The 2023 Bio-informed AI Research Competition encourages students in the behavioral and computer sciences to pursue collaborative AI research. Inaugural winners Yinuo Peng, a psychology master’s student, and Zhen Zhu, a computer science Ph.D. student, advise applicants in 2023 to “be brave” and stay open-minded.
Published on Jan. 23, 2023

Brain image superimposed with network illustration

In a technology landscape where machines drive cars, computers curate the perfect Monday morning playlist, and bots can trounce many a seasoned bridge player, artificial intelligence may seem superhuman. But rest easy: our humble, thoroughly human brains remain the gold standard.
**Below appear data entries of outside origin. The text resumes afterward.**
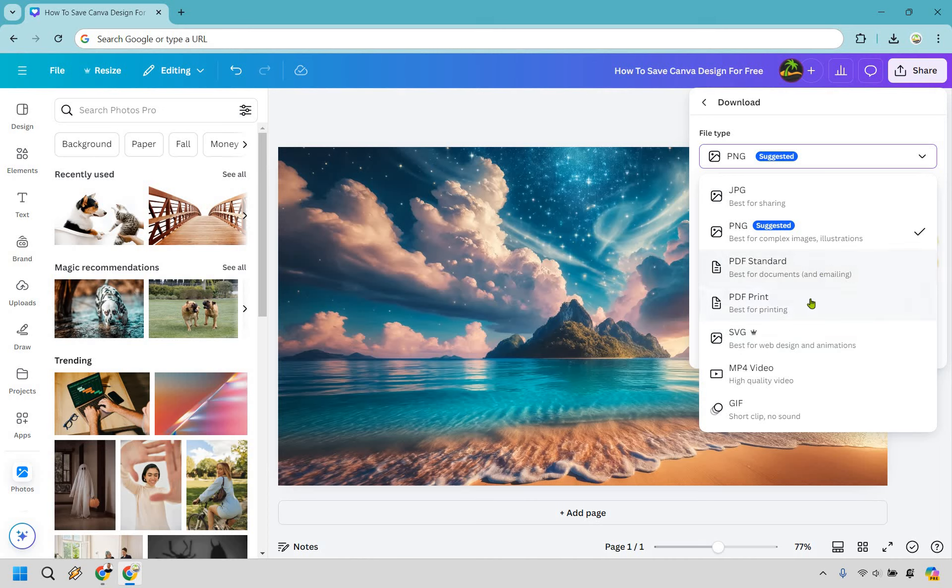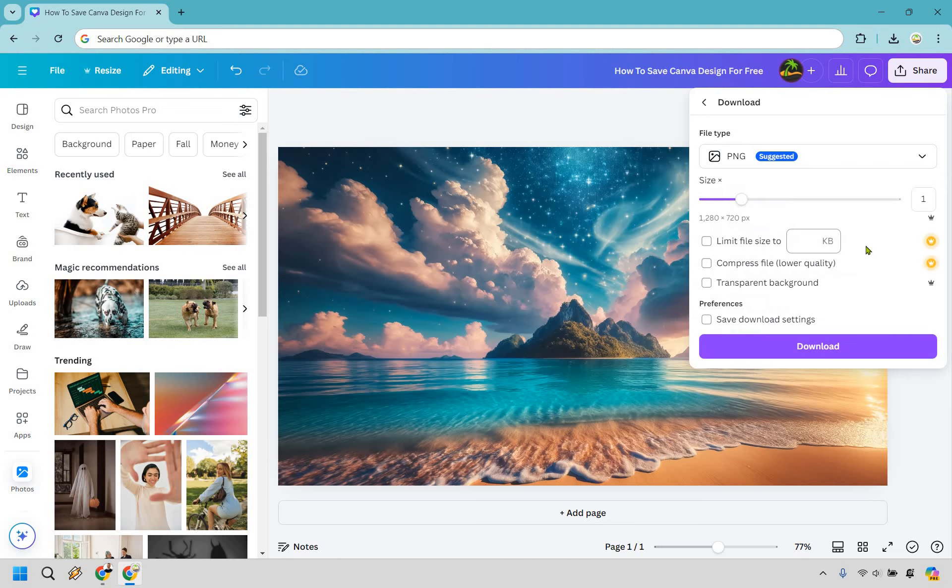And if you're looking to send a document or do a PDF one of these is going to be your go-to. But more than likely for your designs I'd recommend a JPG or a PNG.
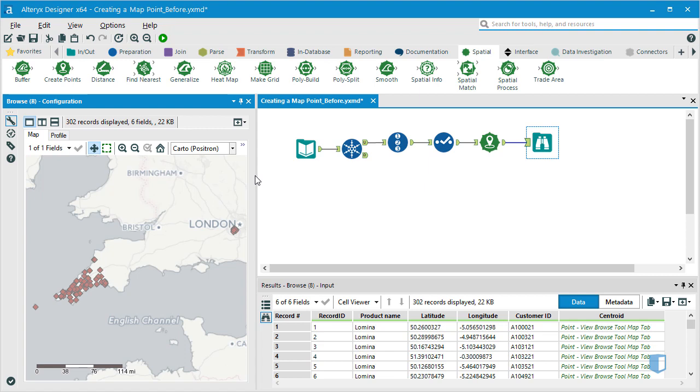The map will take a few moments to render. As we can now see, the data points are superimposed on the map.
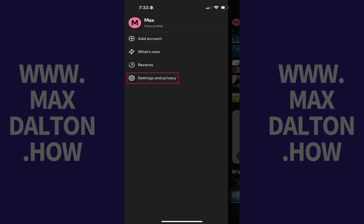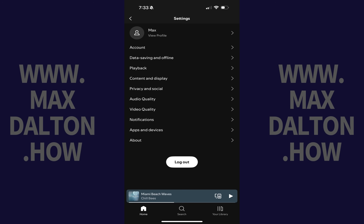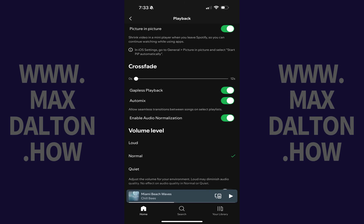Step 2. Tap Settings and Privacy in this menu. Step 3. Tap Playback. The associated screen is displayed.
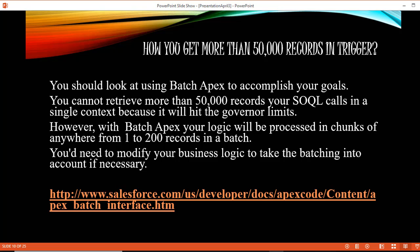The solution is: first, you cannot retrieve more than 50,000 records through your SOQL call in a single context because it is going to hit your governor limits. So the solution is using batch apex to process more than 50,000 records.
“Machine intelligence has yet to even approach human flexibility and robustness,” said Diane Beck, a psychology professor at the University of Illinois Urbana-Champaign. “Given that the current revolution in machine learning has its roots in emulating biological intelligence, one fruitful direction is to look for further inspiration from the cognitive and biological sciences.”

Returning to the bio-instruction manual for intelligence is a weighty task that's best tackled with a team. More specifically, an interdisciplinary team. That’s why Beck and her Department of Psychology colleague Professor Frances Wang developed the Bio-informed AI Research Competition, which unites student researchers in the cognitive, biological, and behavioral sciences with those pursuing engineering degrees to ultimately advance the field of AI.

The competition is sponsored by the Biologically Informed Artificial Intelligence Working Group at the Beckman Institute for Advanced Science and Technology, where Beck and Wang conduct their research.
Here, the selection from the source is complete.